For five years, George Osborne has been managing failure. The Chancellor’s sixth Budget, like its predecessors, was delivered in coalition; the presence of Nick Clegg and Danny Alexander on the government front bench is a permanent reminder of how the Conservatives fell short at the last general election. As his party’s chief strategist in 2010, Osborne continues to live in the shadow of that campaign.
This political failure was followed by an economic one. Osborne’s original ambition was to eliminate the structural deficit in a single term. The collapse of growth after he entered office forced him to postpone this goal. Higher-than-forecast borrowing cost the UK its triple-A credit rating, the metric that he had adopted as the defining test of his economic credibility. Few politicians have recovered from such a gap between promise and delivery.
Osborne’s skill has been to transform this political base metal into gold.
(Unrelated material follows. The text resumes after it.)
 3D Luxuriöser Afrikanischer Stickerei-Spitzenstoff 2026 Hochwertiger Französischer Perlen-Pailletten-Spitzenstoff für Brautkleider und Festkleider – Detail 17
He has been the great alchemist of this parliament. The Chancellor made a virtue of coalition government by co-opting the Lib Dems’ best ideas – increasing the personal tax allowance, granting new freedoms over pensions – and aggressively rebranding them as Conservative achievements. The Tories’ junior partners protest indignantly, reminding voters that David Cameron told Clegg during the first 2010 leaders’ debate that the country could not “afford” to “take everyone out of their first £10,000 of income tax”. (Osborne’s Budget increased the threshold to £10,800.) But, as Ronald Reagan observed: “If you’re explaining, you’re losing.”
When the near-disappearance of growth almost halted deficit reduction, Osborne chose not to impose additional fiscal tightening, instead redefining austerity as a two-term project. Labour has been left unsure whether to applaud the Chancellor for adopting the more moderate path it advocated (“a victory for sensible Keynesian thinking” was how his shadow, Ed Balls, recently described it to me) or to denounce him for failing on his own terms. In both cases, it has been forced to concede that it, too, would impose austerity after the election, an admission that has corroded its left-wing support. There are some Conservatives who wonder aloud whether greater deficit reduction would have been more politically hazardous, liberating Labour to promise the return of big spending.
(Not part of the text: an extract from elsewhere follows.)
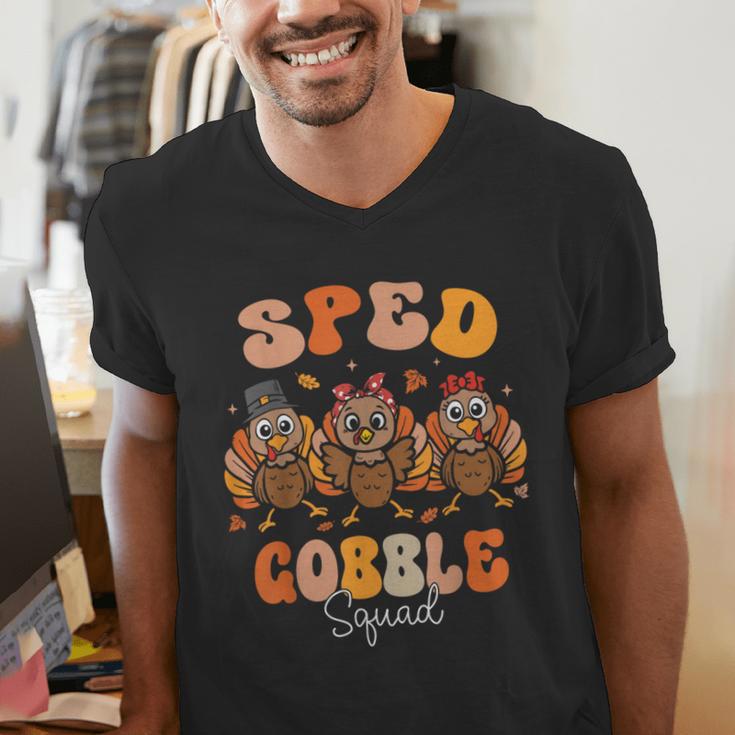 Sped Teacher Gobble Squad Thanksgiving Special Education Men's V-Neck T-Shirt, funny gift Sped Teacher Gobble Squad Thanksgiving Special Education Men's V-Neck T-Shirt, funny gift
Osborne’s greatest act of conjury, as fiscal boundaries have shifted, has been to entrench an image of himself as a figure of unbending constancy. Aides say that the Chancellor, whose once-poor approval ratings now exceed those of the three main party leaders, is congratulated by the public on “sticking to the plan” during his hard-hat tours. Like Margaret Thatcher (who was sometimes for turning), he knows that, in politics, appearance matters more than reality.
The truth is that Osborne has changed. Midway through the parliament, after the humbling experience of his 2012 “omnishambles” Budget, he began to remake himself as a more complex and sophisticated politician. Osborne now speaks of the state as an ally as often as he does of it as an enemy and compares himself to Michael Heseltine. He has resurrected the cause of “full employment” (albeit more loosely defined than in previous decades), championed increases in the minimum wage (which will rise by 3 per cent, to £6.70 an hour, from October) and begun the construction of a “northern powerhouse” to challenge London’s hegemony. This ideological rebalancing is driven by Osborne’s Huddersfield-born, comprehensive-educated adviser Neil O’Brien, who wrote of the need for the Tories to decontaminate their brand in urban regions during his time as director of Policy Exchange. That Osborne embraced such an interesting thinker is evidence, say Tory MPs, of his intellectual restlessness, contrasting him with the dependable but unimaginative Cameron.
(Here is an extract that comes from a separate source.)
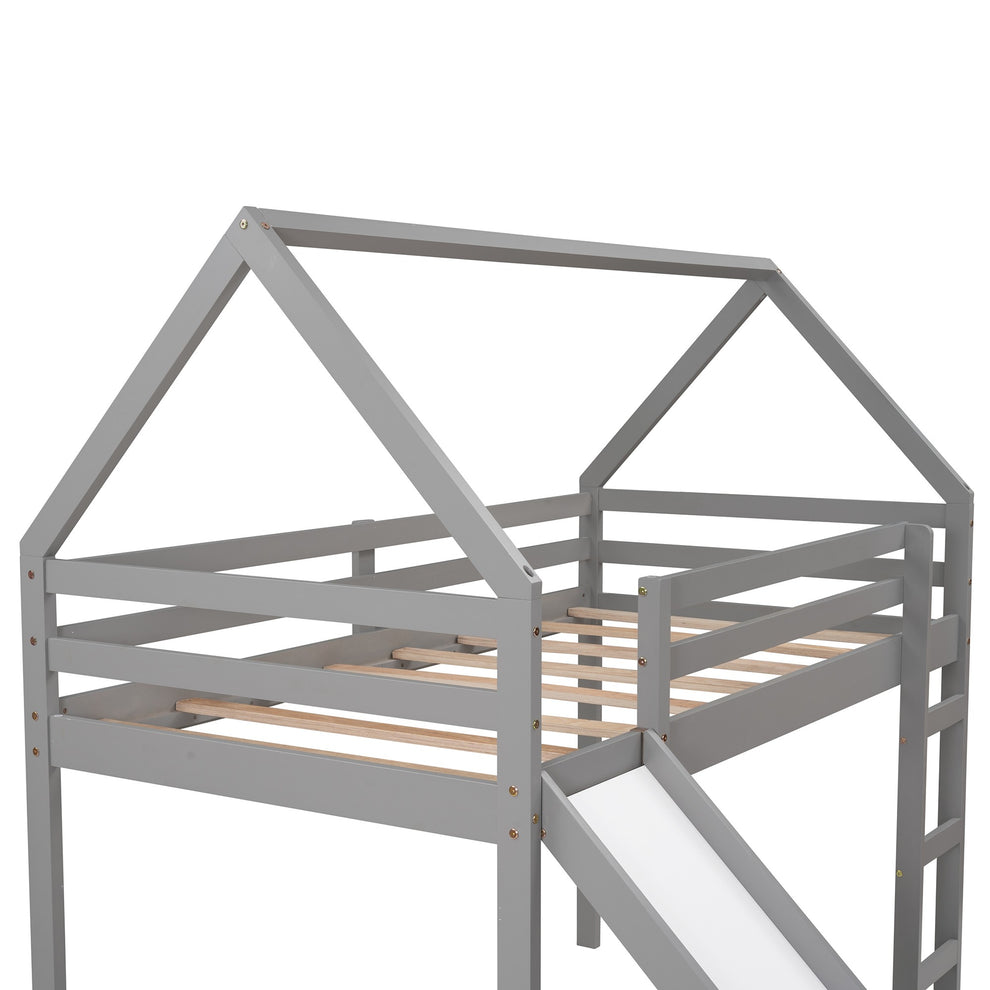 White Twin Size Slide House Loft Bed By Homeroots | Beds | Modishstore - 17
But like a rock star whose new album includes traditional material for older fans, the Chancellor is playing some familiar tunes. He has revived his 2007 pledge to raise the inheritance tax threshold to £1m. It was this policy that spooked Gordon Brown into abandoning plans for an early election and that earned Osborne his reputation as a strategic grandmaster. But the politics is not uncomplicated for him. If the measure will appeal to aspirational voters, the decision to prioritise the reduction of a tax paid by just 4.9 per cent of estates risks reinforcing the Tories’ status as the party of the privileged. Few policies more sharply contradict Michael Gove’s exhortation to be “warriors for the dispossessed” and to penalise “the undeserving rich”.
The Budget promised less post-election austerity than implied by the Autumn Statement, as Osborne sought to neutralise Labour’s 1930s attack line. But because of his ambition of a surplus by the end of the next parliament, accompanied by no further tax rises, a fiscal chasm remains between his plans and those of Labour. Ed Balls’s decision to leave room to borrow to invest would give him nearly £30bn of additional spending each year.
It was partly the fear of massacred public services that denied the Tories a majority in 2010, in the most propitious circumstances. Osborne’s wager is that their unexpected resilience will persuade voters that further austerity is tolerable; that fear of a “tax bombshell” and “economic chaos” under Labour will predominate.
When the Tories entered office, some doubted that this question would even arise. The belief was that they would be evicted from government on a wave of popular outrage over the cuts. But the wave never came. Osborne has managed failure well indeed.